The young duke in his thirties is immortalised half length, in a frontal, austere pose that is almost hieratic, to convey the gravitas of the noble family. Guidobaldo’s attire is also austere and elegant, almost entirely black, emphasising his pale face with regular features. The duke wears a black cloth beret, a black joust closed at the neck and a black velvet robe with wide sleeves, also black, but embellished with a golden chequered pattern, representing a heraldic allusion to the colours of the Montefeltro family.

An open window behind Duke Guidobaldo looks out onto a bucolic landscape reminiscent of the Umbrian hills, with farmhouses, hay sheaves, woods, a small lake and a road guiding the eye to the walled city in the background. 


Portrait of a woman known as ‘La Velata’

Florentine art expert Giovanni Matteo Guidetti uncovers the wonders of Raphael’s ‘La Velata’ (meaning woman with a veil). This painting, which takes its name from the veil worn by the young woman depicted in it, was painted between 1512 and 1515 in oil on canvas and is considered one of the absolute masterpieces of Raphael’s portrait art.

A lady is portrayed half-length against a dark background. The necklace and pendant of precious stones ending in a pearl symbolise the high social status of the woman. In addition, the exquisite pendant suggests an engagement or wedding present and highlights the dark curl that has escaped from the young lady’s neatly arranged hairstyle. 

But above all, the painting is dominated by her magnificent dress, in which the white marbled silk of the puffed sleeve creates plays of light and reflections of incredible chromatic harmony with the golden embroidery, to the point that art historian Ettore Camesasca declared that the painting seems to be ‘the portrait of a sleeve‘.

Vasari speculated that the young woman portrayed was Margherita Luti, also known as ‘La Fornarina’, a favourite of Raphael and also depicted in other of his works. However, the elegant richness of the clothes and jewellery worn by the lady and, above all, the presence of the veil that gives the painting its title, suggest that the subject was an anonymous married noblewoman, since the veil was the prerogative of married women with children. 


Portrait of Agnolo Doni

Florentine art expert Bernardo Randelli explains the details of one of Raphael’s most famous works: the portrait of Agnolo Doni, a cloth merchant and art collector, who hired the painter to portray him and his wife, Maddalena Strozzi, in a sort of conceptual diptych.

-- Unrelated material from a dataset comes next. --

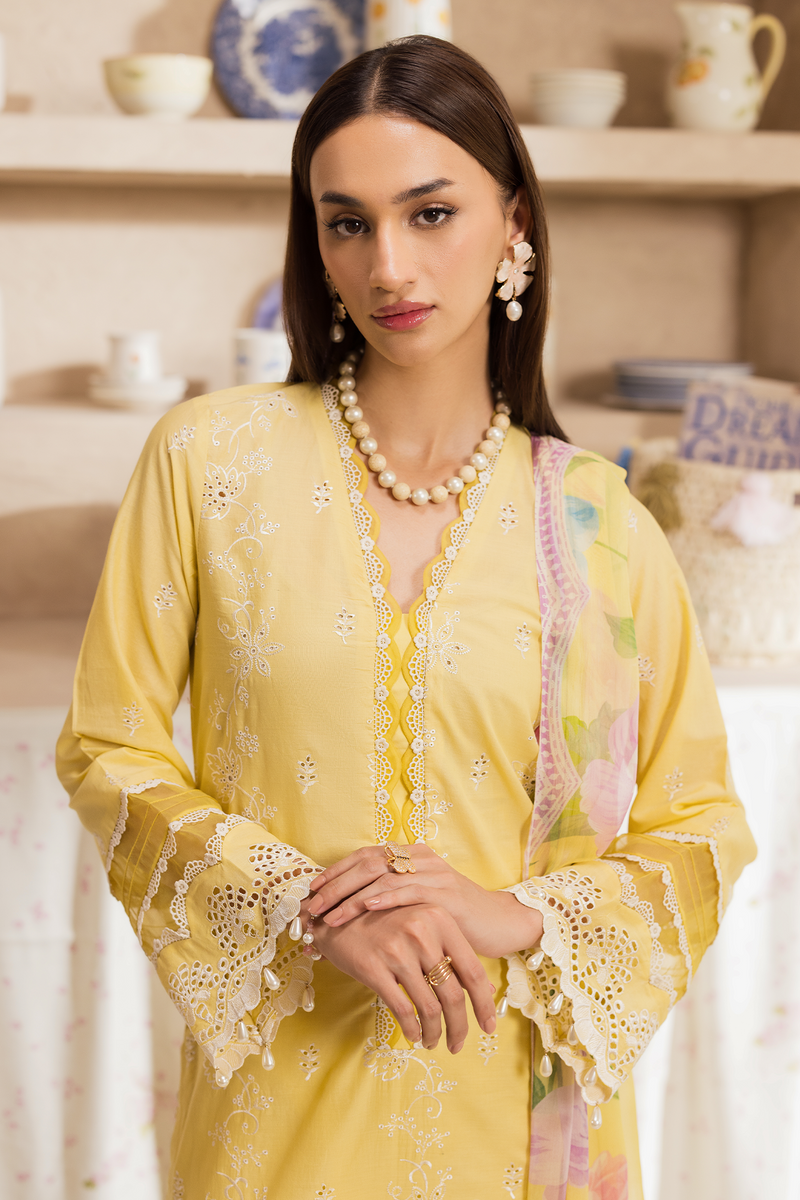 Rajbari | Nissa Chikankari Exclusive | Exclusive 03 - by Libayah - Registered Vendor of : Rajbari - 100% Original Designer Dress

Although depicted turned three-quarters, Agnolo Doni’s gaze is turned towards the viewer: his eyes are at once proud and serene, denoting the natural calmness of his character. Numerous details symbolise his social status as a wealthy bourgeois merchant: the rings on his hands, the black velvet corset and the elegant white shirt peeking out from under it, the robe with wide red cloth sleeves that adds a splash of colour to the composition, which will be balanced by the blue sleeves of the portrait of Maddalena Strozzi.

The face of the protagonist is still the main focus of the painting. His elegant and relaxed posture seems to be accompanied by the landscape in the background, with hills gently sloping from left to right following the line of his shoulders. The two clouds at Agnolo Doni’s sides fill the empty spaces in the sky, giving the composition a balance that takes on a symbolic nature, reflecting the protagonist’s inner balance.